T. Dohi1, J. Padmanabhan1, P. Than1, S. Akaishi3, M. Terashima2, N. Matsumoto3, R. Ogawa3, G. C. Gurtner1 1Stanford University,Department Of Surgery,Palo Alto, CA, USA 2Stanford University,Department Of Civil & Environmental Engineering,Palo Alto, CA, USA 3Nippon Medical School,Department Of Plastic, Reconstructive And Aesthetic Surgery,Bunkyo, TOKYO, Japan
Introduction: There is high morbidity, mortality, and cost related to fibroproliferative disorders. Of these, keloids are unique in that they progress beyond the original site of injury and form large, linear scars often of significantly different shape from the initial wound. The unknown pathophysiology, high rate of recurrence, and lack of effective treatment modalities makes keloid disease a challenging clinical problem. Progression beyond the original injury site and extension into normal peripheral skin highlights the zone between the keloid and surrounding skin as a target for investigation.
Methods: We analyzed posture-related changes in local strain in various human anatomic locations correlated with keloid formation (n=10). Additionally, we developed a finite element method (FEM) analytic model to study the effect of von Mises stress and true strain in keloid-containing regions of skin. We also performed targeted-molecular analysis of human keloid-containing skin samples to identify the key biochemical pathways involved in keloid progression (n=5).
Results: Anatomic regions prone to keloid formation are subject to high-levels of multidirectional posture-related strain. Focusing on these areas we created a model using finite element analysis and demonstrated that multidirectional loading leads to high true strain in the peripheral tissue surrounding the keloid. Furthermore, comparative immunohistochemical staining of human keloid tissue, peripheral tissue and control skin revealed that the peripheral tissue exhibits high levels of proliferation and altered mechanotransduction components including HSP27 and NFkB.

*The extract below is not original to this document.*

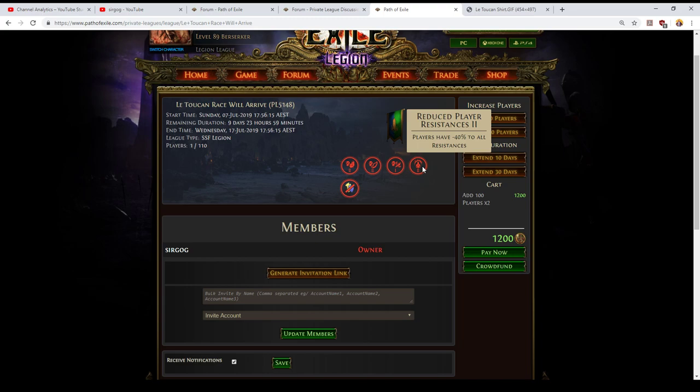Additionally it means that it will be harder at endgame to use a lot of popular unique items. A Tabula Rasa for instance is an excellent chest except it has absolutely no resistances on it and this means that Tabula is much more difficult to use when the alternative would be using a four link chest that has both life and two good resists on it.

Conclusion: In summary, we describe a novel mechanism through which keloid disease may progress beyond the original wound site. Specifically, we show that changes in human posture result in elevated true strain in tissues immediately surrounding keloids in anatomic regions that are prone to keloid formation. We found that key mechanotransduction signaling pathways are altered in these regions, which may underlie the unique spread of keloid disease beyond the original wound site. These findings identify several molecular targets for therapy with potential for rapid clinical translation.